If your regular starvation and gym exhaustion bring no effect, probably, your metabolism is calling for help. You can easily check it with your nutritionist, and if proved, try a metabolic diet. Should you experience metabolism problems, metabolic weight loss is the only way to get in shape.
What is a metabolic diet
When talking of a metabolic diet, you have to understand that it is not actually a diet but rather adequate nutrition, with no extreme restrictions and including the whole range of foods from breads and potatoes to meats, mushrooms and cheeses, along with confectionery and dry wine.
This is a life-long system, but before getting started your virtually unconditional eating, you have to normalize your metabolic rate and hormones, in order not to aggravate the consequences of the “all-inclusive” nourishment.
If escaping the medical details, this diet makes the inner fats dissolve permanently, with no possibility of their accumulation again. The diet is based on a calorie intake rather than forbidden or allowed nutrition ingredients. This is a good point, since your diet menu does not run the risks of hitting the lackluster records.
How it works
Your metabolic loss of weight will be split into 3 steps:
- Step 1: You will be rocking your body through dynamic burn of bad fats.
The products allowed during this step are as follows: fresh greenery and fresh veggies, mushrooms, garlic, onions, spices, grape and apple cider vinegar , lemon and lime, fish and seafood, skinless turkey and skinless chicken breast, eggs, low-fat dairies.
This 2-week process is harsh and sometimes given up by dieters early due to poor tolerance of absolute absence of fats and carbos. Dieters are allowed to supplement their nutrition with ¼ cup olive oil a day if they feel faint. If you start feeling bad, don`t wait until 2 weeks are over and move on to Step 2.
- Step 2: You will be stabilizing your weight loss.

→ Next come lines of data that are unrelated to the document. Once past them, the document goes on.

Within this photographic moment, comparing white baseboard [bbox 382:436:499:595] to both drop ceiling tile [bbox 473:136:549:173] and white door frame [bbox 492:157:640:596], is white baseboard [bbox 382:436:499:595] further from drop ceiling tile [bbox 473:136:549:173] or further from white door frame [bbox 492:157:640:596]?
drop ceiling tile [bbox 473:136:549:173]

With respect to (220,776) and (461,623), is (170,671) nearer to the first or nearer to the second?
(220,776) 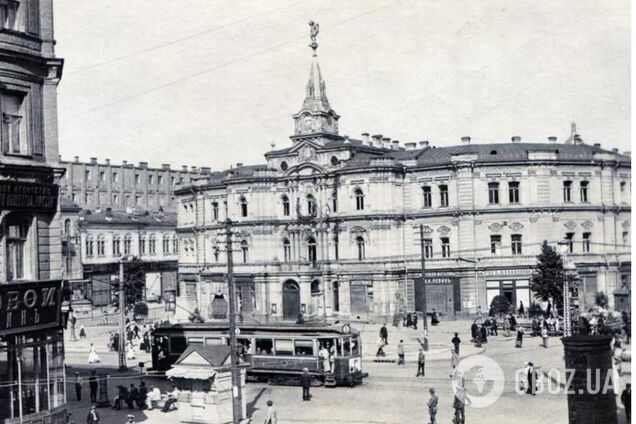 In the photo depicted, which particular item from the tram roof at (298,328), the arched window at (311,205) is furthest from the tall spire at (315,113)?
the tram roof at (298,328)

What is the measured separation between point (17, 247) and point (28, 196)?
132 cm

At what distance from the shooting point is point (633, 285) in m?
15.3

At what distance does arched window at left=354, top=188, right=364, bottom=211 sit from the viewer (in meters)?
53.9

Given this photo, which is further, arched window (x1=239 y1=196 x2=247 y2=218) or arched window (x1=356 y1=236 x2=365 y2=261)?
arched window (x1=239 y1=196 x2=247 y2=218)

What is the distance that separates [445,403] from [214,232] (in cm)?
3828

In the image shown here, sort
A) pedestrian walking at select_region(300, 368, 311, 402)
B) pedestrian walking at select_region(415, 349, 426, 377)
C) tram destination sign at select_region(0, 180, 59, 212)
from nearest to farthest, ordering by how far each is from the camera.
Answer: tram destination sign at select_region(0, 180, 59, 212), pedestrian walking at select_region(300, 368, 311, 402), pedestrian walking at select_region(415, 349, 426, 377)

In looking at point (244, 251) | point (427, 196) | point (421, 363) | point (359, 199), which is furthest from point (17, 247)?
point (244, 251)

This is achieved through regular 5-time nutrition with fixed up-to-3-hour intervals between the meals: breakfast – 8 a.m.-10 a.m.; brunch – 11 a.m.-1 p.m.; lunch – 2 p.m.-3 p.m.; noon snack – 4 p.m.-6 p.m.; dinner – 6 p.m.-8 p.m.
Fats and carbos are allowed already, but equally split between the meals. You will be permitted to take all the necessary nutrients from the following: oils, olives, avocadoes, greenery and vegetables, low-fat cheeses, veal and beef, fish and seafood, turkey and chicken (no skin only), fresh fruit and veg juices, garlic, mushrooms, spices, low-fat dairies, coarse breads, oatmeal, seeds and nuts.
This process has no fixed time limitations and is confined to the day when you see the target weight on the scale – this is the signal to move on to Step 3.
- Step 3: You will be maintaining your metabolic weight loss. Your task will be to withdraw from your metabolic diet smoothly.
The products allowed at this step are as follows: chicken and turkey, low-fat dairies, oils, rice, seeds, green vegetables and unsweet fruit, veal and beef, fish and seafood, grains, low-fat cheeses and yoghurt, potatoes and legumes, bread and confectionery, dark chocolate.
During the first week, you will be closely watching your pounds on the scale and fixing the slightest changes: if your weight keeps fading away, it means you do everything right. Should you see the weight loss stops, you will need to reconsider your diet and, probably, get back to some certain phase where it actually stopped decreasing. It can be that you will need professional counseling should you fail to find the dieting gap.
Metabolic diet recipes
A universal metabolic weight loss recipe qualifying for either of 3 steps is “Omelet with Tomatoes and Mushrooms”. For one serving, you will need 2 eggs, 3-5 small-size mushrooms, 1 red tomato, 1 small-size onion, ¼ cup olive oil and a handful of asparagus. Roast chopped mushrooms and onion, add a sliced tomato and pour it with ½ glass water. Boil the mixture with olive oil and add asparagus. Season it with spices. Then, add the eggs – both yolks and whites – and roast the mixture in the oven for about 15 minutes.
When at Step 2 or Step 3, you can treat yourself to a “Veg & Cheese Salad”. For one serving, take ½ cup grated low-fat cheese, 1 red tomato, 1 cucumber, garlic, ½ onion, 1 bell pepper, a handful of olives, ¼ cup olive oil and lime juice. Mix the oil, lime juice and spices. Grate the garlic and add it to the mixture. Toss the mixture well and add the cheese, chopped tomato, cucumber, onion, bell pepper and olives. Toss again and serve dressed with arugula.
Metabolic loss of weight works perfectly if following its simple rules and not going beyond the calorie limits. This can be easily achieved through making a special cookbook with the metabolic diet recipes scheduled for your every metabolic eating day.